The Canada Industrial Relations Board (CIRB) has ruled that a work stoppage would not pose an immediate threat to public health and safety, allowing the possibility of a strike. The CIRB has also imposed a 13-day cooling-off period, meaning a strike cannot occur before Aug. 22. The potential strike could have significant economic implications, as railways are crucial for the transportation of goods across Canada and to the U.S., affecting industries such as agriculture, automotive, and petroleum.

Business groups and industry associations have expressed concern over the potential economic disruption a strike could cause, urging the Canadian government to intervene to prevent a labor stoppage. They highlight the importance of railways to Canada’s economy and the potential impact on trade relations, especially with the United States

— Southern African nations to import 3 million tons of corn due to record El Niño-induced drought, driving up food costs. Southern African nations battling the fallout of a record El Niño-induced drought this year will need to import at least an additional 3 million tons of corn in the coming months, driving up food costs, the Famine Early Warning Systems Network said. Link for details.

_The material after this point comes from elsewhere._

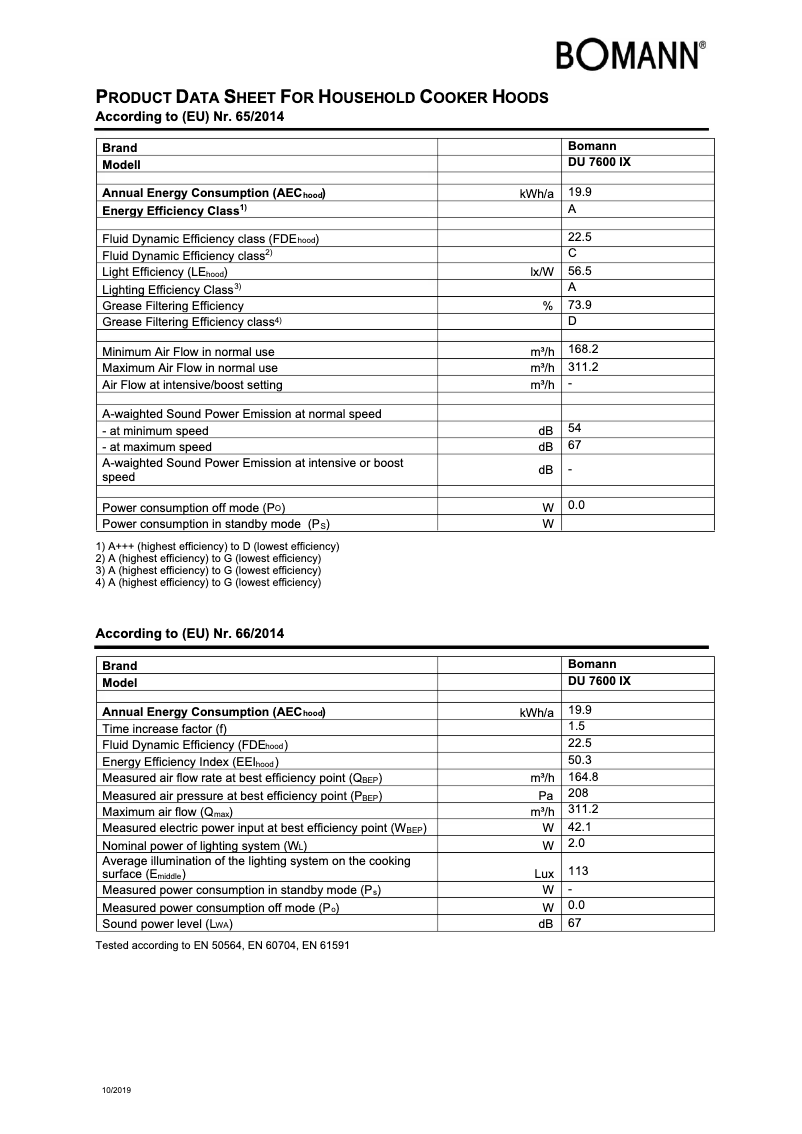 Page n°1 - Fiche technique Bomann DU 7600 IX
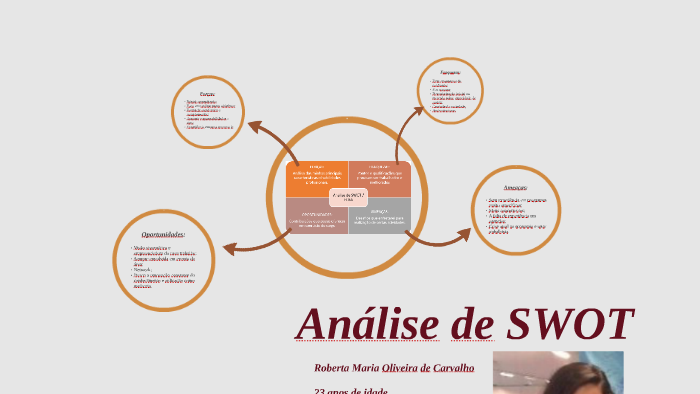 Análise de SWOT by ROBERTA MARIA OLIVEIRA DE CARVALHO on Prezi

— Egypt’s state grain buyer, GASC, purchased only 280,000 tons of wheat from Ukraine and Bulgaria in a recent tender, far short of its initial target of 3.8 million tons. The wheat is scheduled for delivery in October and November. This significant shortfall underscores the difficulties in securing large wheat supplies months in advance. GASC had aimed to cover wheat needs through April but managed to secure less than a tenth of the desired amount. Link to more via Bloomberg.

— NWS outlook: There is a Slight Risk of excessive rainfall over parts of the Tennessee Valley and Southern Appalachians on Friday... ...There is a Slight Risk of severe thunderstorms over parts of the Central/Southern Plains on Friday... ...There are Excessive Heat Warnings and Heat Advisories over parts of the Central/Southern Plains and Lower Mississippi/Tennessee Valleys.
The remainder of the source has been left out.